Over the past few years, millions of Americans have tuned in to ABC to watch the popular show, the Golden Bachelor. The show marked the first time in history that the Bachelor franchise featured seniors, with every contestant being at least 60 years old. The Golden Bachelor is just one example of a growing trend for seniors to seek out love after loss, whether that loss comes from death or divorce.  A 2021 Time magazine article “Why Older Couples Don’t Need Marriage to Have Great Relationships” reports that the rate of adults over age 50 who are cohabitating without remarrying quadrupled between 2000 and 2020.  Whether it’s a marriage or a long term relationship, trends indicate that the senior population is coupling up at higher rates than ever. Regardless of the type of relationship, when two families merge their lives together, effective estate planning is not just a good idea- it’s essential.  
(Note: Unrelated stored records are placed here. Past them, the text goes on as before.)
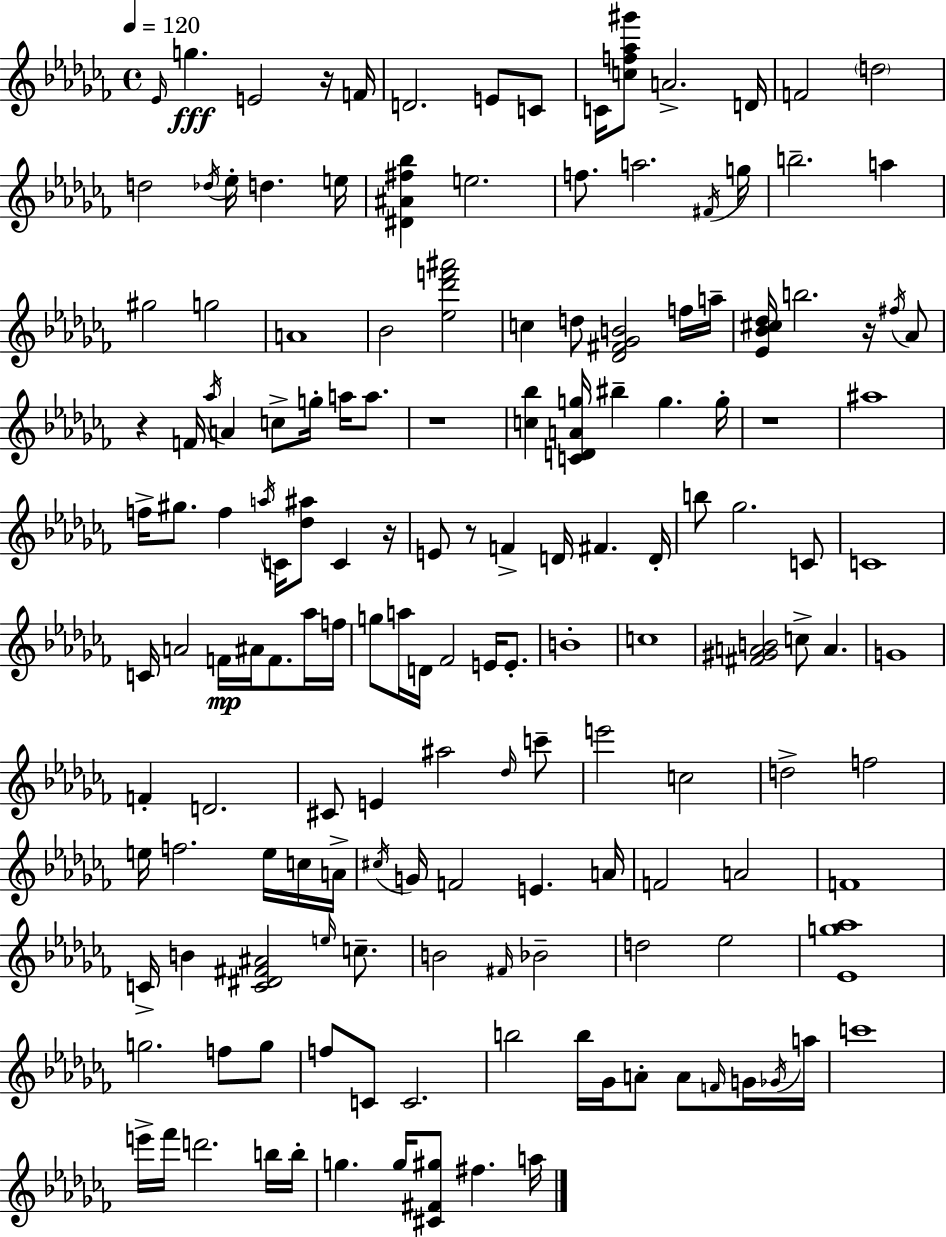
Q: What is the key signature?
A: AES minor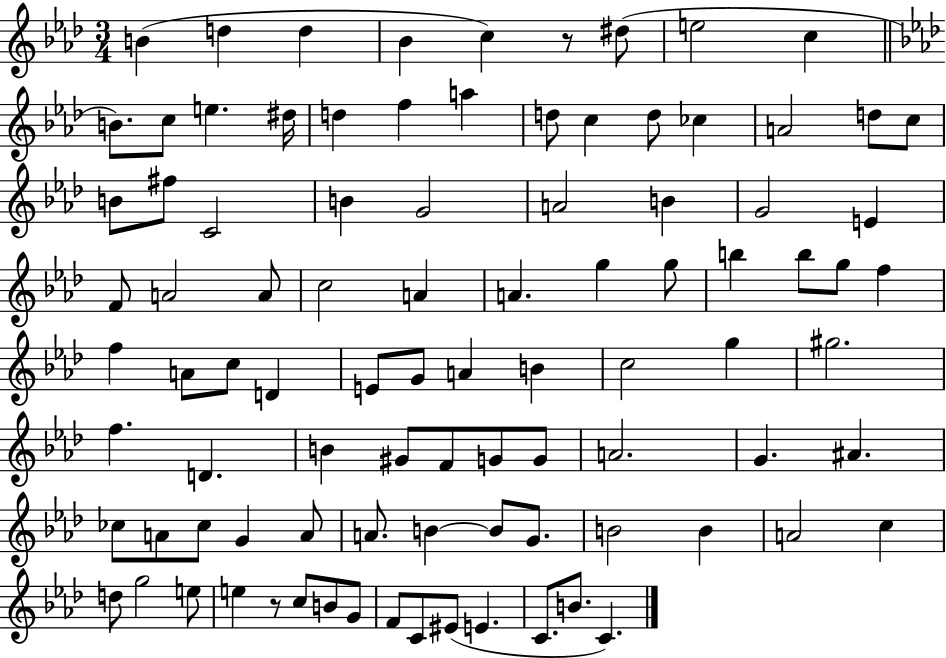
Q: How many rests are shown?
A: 2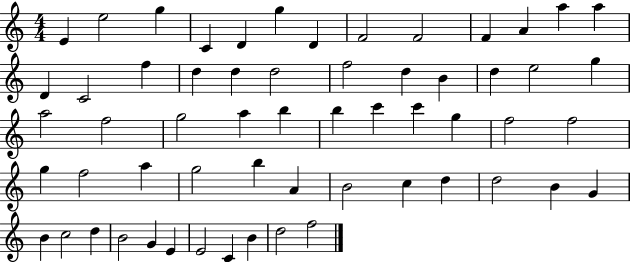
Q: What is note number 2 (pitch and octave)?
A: E5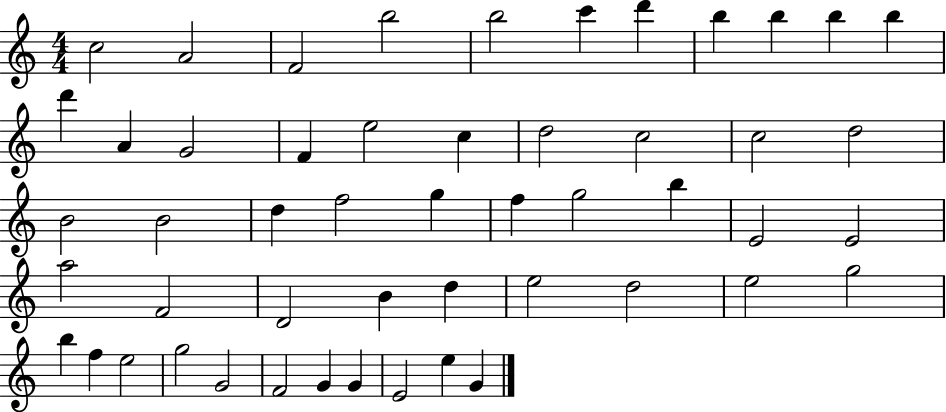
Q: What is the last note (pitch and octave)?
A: G4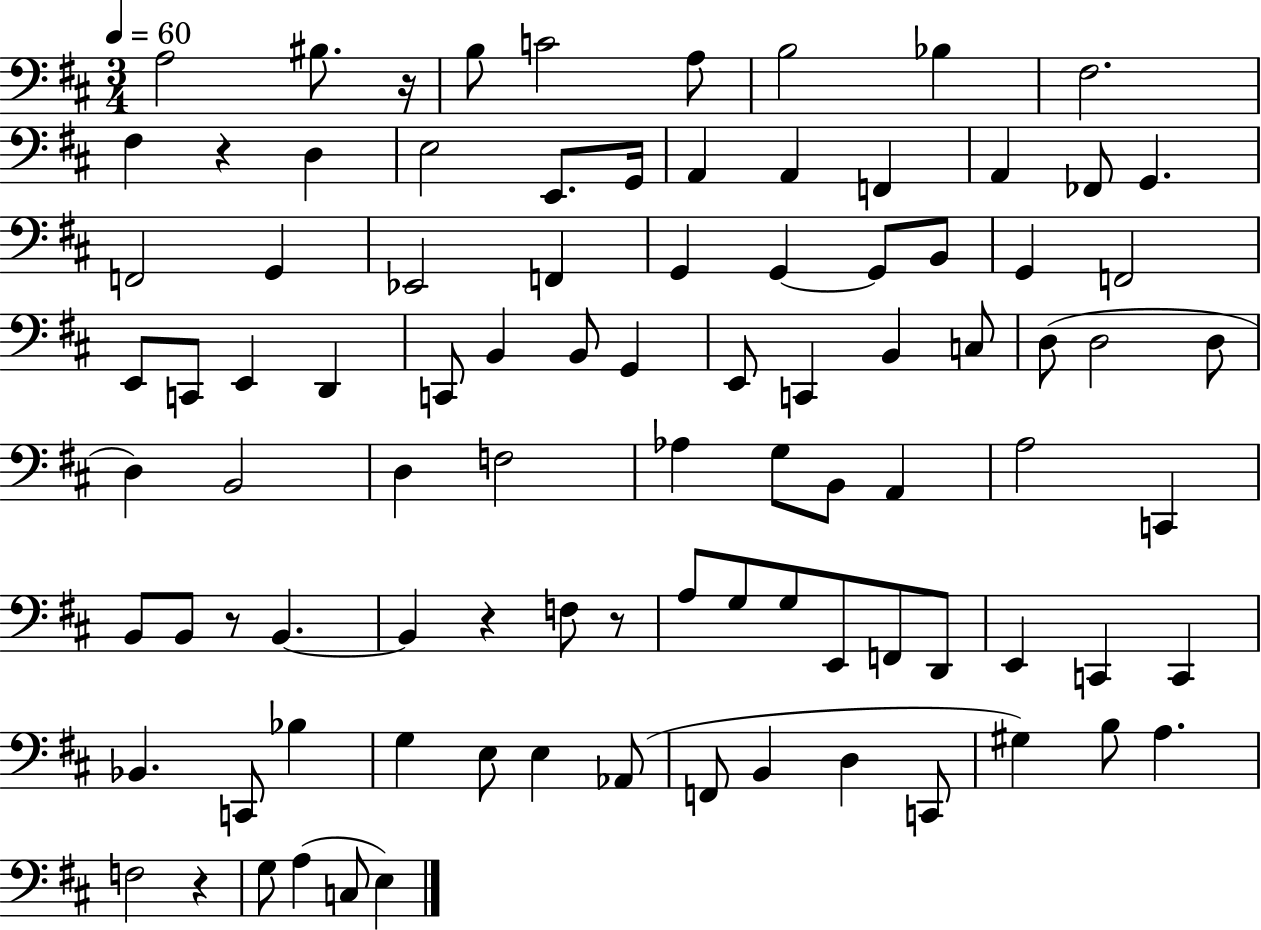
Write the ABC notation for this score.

X:1
T:Untitled
M:3/4
L:1/4
K:D
A,2 ^B,/2 z/4 B,/2 C2 A,/2 B,2 _B, ^F,2 ^F, z D, E,2 E,,/2 G,,/4 A,, A,, F,, A,, _F,,/2 G,, F,,2 G,, _E,,2 F,, G,, G,, G,,/2 B,,/2 G,, F,,2 E,,/2 C,,/2 E,, D,, C,,/2 B,, B,,/2 G,, E,,/2 C,, B,, C,/2 D,/2 D,2 D,/2 D, B,,2 D, F,2 _A, G,/2 B,,/2 A,, A,2 C,, B,,/2 B,,/2 z/2 B,, B,, z F,/2 z/2 A,/2 G,/2 G,/2 E,,/2 F,,/2 D,,/2 E,, C,, C,, _B,, C,,/2 _B, G, E,/2 E, _A,,/2 F,,/2 B,, D, C,,/2 ^G, B,/2 A, F,2 z G,/2 A, C,/2 E,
From a legal perspective, the considerations are very different when planning for a married couple versus partners with no plans for marriage. For example, a married couple is responsible for one another’s long-term care expenses in an assisted living or skilled nursing facility. Spouses also have certain rights to one another’s probate estates.  On the flip side, an unmarried partner will not have legal access to the other partner’s medical information or have legal authority to make funeral and burial arrangements without appropriate legal documentation.  The bottom line? Estate planning is crucial in both scenarios.

Scheduling a meeting with an attorney who specializes in estate planning and elder law is a great first step to ensuring your wishes are carried out accurately and completely. A pro tip? Don’t let fear of difficult conversations delay your action. Burying your head in your sand is never the way to go, but even less so when you have a blended family in the mix. If you don’t make a plan, the state will make one for you – and it’s unlikely to be an accurate reflection of your goals.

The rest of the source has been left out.